Summit State Bank closed Friday at $13.57, pretty much unchanged for the week. The Sonoma County lender’s shares stayed just under their recent highs in a muted session.
The size of the move is less important than what it tells traders: markets are still watching this small community bank, which has better margins now but credit worries remain. Nasdaq was shut Monday for Memorial Day and is also closed on weekends, so SSBI only has a four-day week with normal trading not picking up until the open next Monday.
The shares fell a penny Friday as 4,559 traded. SSBI ended at $13.56 on May 22, then moved to $13.61 on Tuesday, $13.63 on Wednesday, $13.58 Thursday, and finished the week at $13.57 Friday. That’s a roughly 0.1% gain for the short week.
The move was milder than other California bank stocks. Bank of Marin Bancorp ticked up 0.2% Friday. Westamerica Bancorporation also added 0.2%. The SPDR S&P Regional Banking ETF, which tracks regional banks, finished 0.1% higher.
Summit is trading close to its 52-week range, between $9.40 and $14.00. Investing.com puts the company’s market cap at about $92 million, with a price-to-book ratio of 0.9. That’s below the accounting value of its equity.
Summit State Bank reported first-quarter net income of $1.67 million, or 25 cents per diluted share, down from $2.49 million, or 37 cents a share, in the same period last year. Pre-tax, pre-provision income rose to $3.32 million from $2.47 million.
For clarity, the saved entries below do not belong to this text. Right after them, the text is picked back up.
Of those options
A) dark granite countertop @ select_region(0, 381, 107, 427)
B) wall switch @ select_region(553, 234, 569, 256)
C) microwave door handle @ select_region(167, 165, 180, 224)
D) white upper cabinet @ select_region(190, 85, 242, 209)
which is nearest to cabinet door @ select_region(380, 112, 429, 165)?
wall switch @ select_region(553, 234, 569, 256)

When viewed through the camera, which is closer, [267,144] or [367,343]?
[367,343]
Summit president and CEO Brian Reed said the quarter showed “continued commitment to executing on our strategic priorities.” Net income came in below last year, Reed said. He cited growth in net interest margin, tighter expense control, and higher non-interest income.
Net interest margin climbed to 3.77% from 3.19% a year ago. Reed said the gain was 58 basis points, or just above half a point, citing a shift toward a more efficient liability structure and the repricing of loans.
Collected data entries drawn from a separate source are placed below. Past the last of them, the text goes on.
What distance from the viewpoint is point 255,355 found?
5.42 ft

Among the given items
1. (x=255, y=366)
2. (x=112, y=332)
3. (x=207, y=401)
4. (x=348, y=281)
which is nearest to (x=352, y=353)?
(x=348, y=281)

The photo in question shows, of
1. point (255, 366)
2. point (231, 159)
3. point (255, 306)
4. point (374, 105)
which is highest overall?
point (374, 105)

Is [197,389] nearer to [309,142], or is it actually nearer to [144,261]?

Summit’s balance sheet shrank. Net loans dropped 12% from a year ago to $776.1 million at March 31, and deposits were down 8% to $879.3 million. The company said it wanted to cut balance-sheet risk and raise capital ratios.
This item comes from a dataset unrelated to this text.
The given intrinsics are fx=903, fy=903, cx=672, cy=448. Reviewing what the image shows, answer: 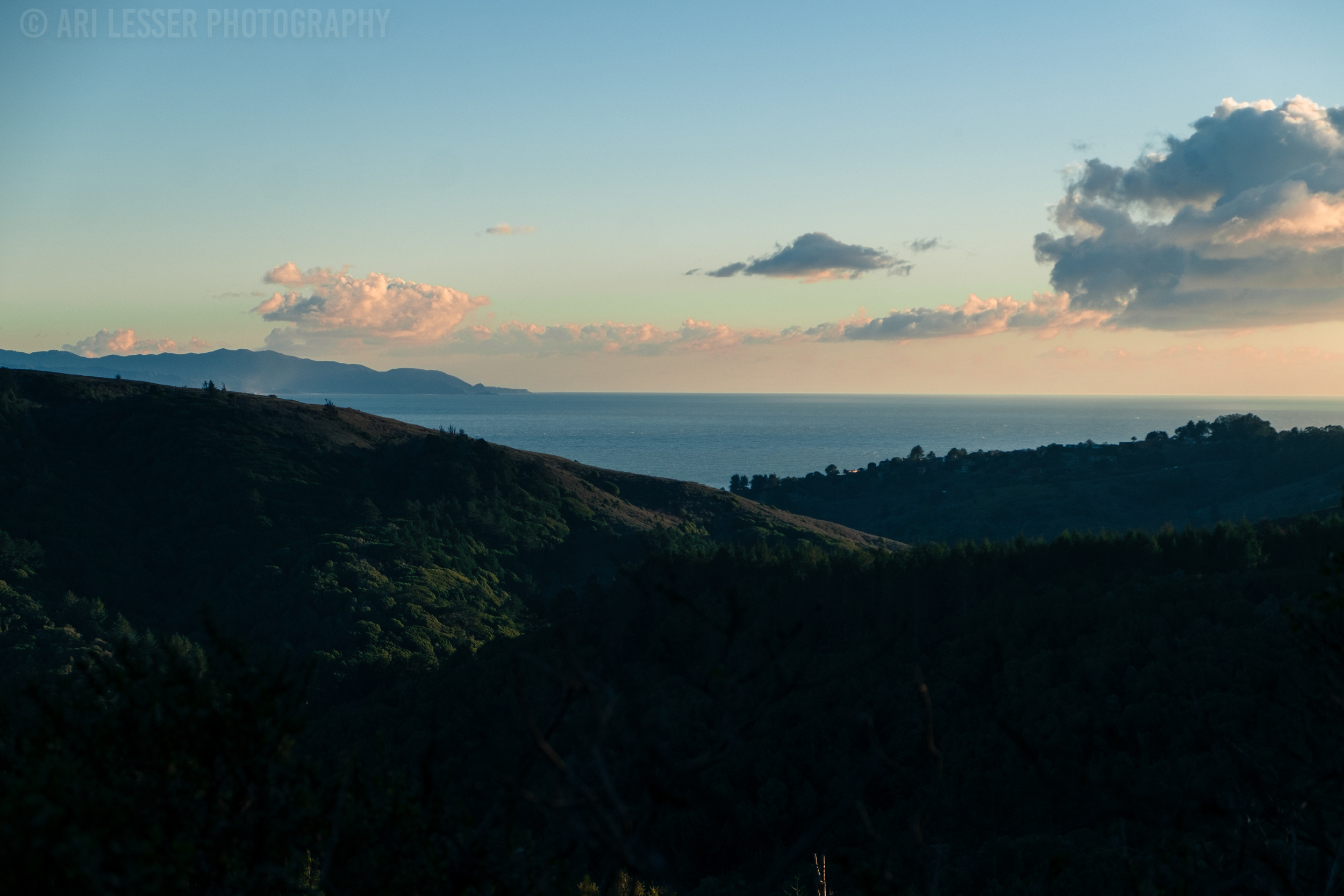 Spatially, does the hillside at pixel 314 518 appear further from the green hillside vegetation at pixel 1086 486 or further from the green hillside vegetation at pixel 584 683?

The “but” is credit. Non-performing assets stood at $35.2 million on March 31, rising from $21.9 million a year earlier. The bank blamed the jump mostly on some non-accrual loans, including three borrower relationships. Reed said getting credit metrics back on track is still a major goal.
Commercial real estate is still a big focus at Summit, with the bank reporting CRE loans at 79% of its portfolio at the end of the quarter. Summit’s May 18 shareholder deck showed $426 million in Treasury-based loans set to reprice by 2028. The company said it’s targeting new loan originations to reduce CRE concentration and hit an average yield of 6.5%.
Looking at next week, the market’s focus is whether buyers can hold the stock around $14, or if credit concerns limit gains. Delays clearing bad loans, ongoing commercial real estate weakness, or higher deposit costs all make the margin argument more difficult.